Si vous sortez au PAV à Genève, il y a de fortes chances que vous tombiez sur du baile funk, ou funk carioca. Ce genre musical venu du Brésil connaît un vrai succès. Actuellement, le Grand Central d’Antigel le met en avant lors d’une soirée sur trois. Mais ce n’est pas tout. Nous avons analysé les affiches de plusieurs établissements nocturnes entre janvier et juillet 2025. Verdict? Au Village du soir, 9 soirées lui sont dédiées. Un chiffre similaire à la Gravière. Quant au Motel Campo, la quasi-totalité des soirées proposées durant cette période fait mention de ce style. 

Même le Zoo, temple de la techno genevoise, a programmé une soirée sur ce thème le 11 janvier cette année-là. Plusieurs DJ genevois du milieu nous confirment une hausse de l’intérêt pour ce genre musical. Pour la DJette Segen, ce succès est lié à l’explosion à l’échelle mondiale du genre il y a quelques années, mais aussi à la présence d’une scène genevoise qui fusionne le baile funk avec d’autres sonorités.

Utilisé à tord?

D’autres, venus de styles musicaux différents, assistent à cette montée en puissance. Pour le Genevois Ewawe, ce virage est lié à la baisse de popularité de l’EDM, «on est sur une autre génération», mais aussi à la physionomie cosmopolite de Genève: «On sait que l’on a une grande population qui est fière de sa musique, forcément on ne va pas leur proposer des soirées à thème électronique si cela n’est pas ce qu’ils recherchent.»

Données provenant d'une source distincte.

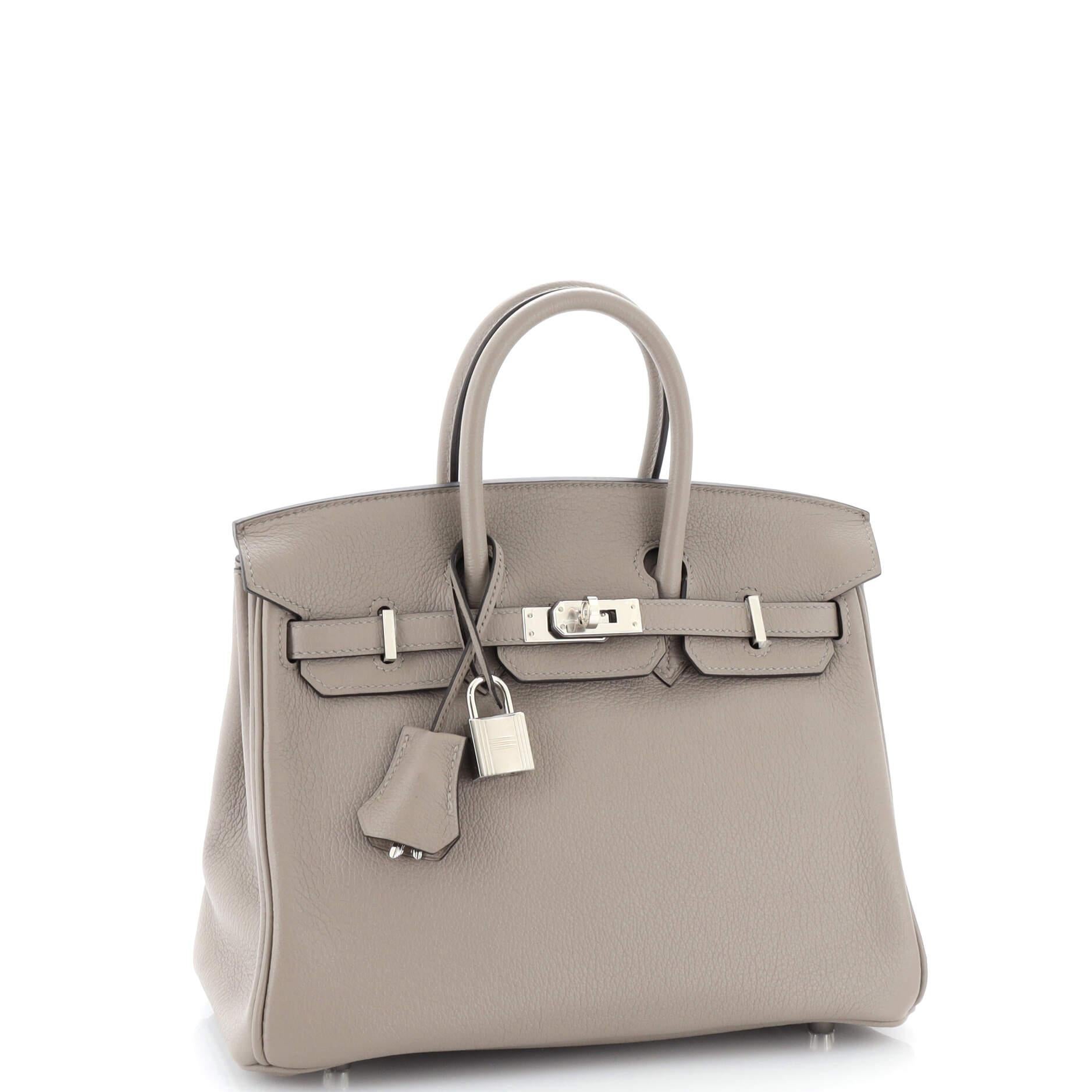 Hermes Birkin Handbag Grey Novillo with Palladium Hardware 25 In Good Condition In NY, NY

Pourtant, le terme baile funk pourrait être utilisé de manière trop large pour attirer le public: «Ça m’est arrivé de ne pas passer de baile funk dans mes sets et d’être catégorisé comme tel, explique Segen. Souvent c’est utilisé comme mot-valise pour les musiques urbaines ou afrodescendantes, donc c’est à double tranchant.»

Cet essor du baile funk est accompagné de l’émergence d’autres genres. Shatta et Bouyon se font également une place dans les nuits genevoises.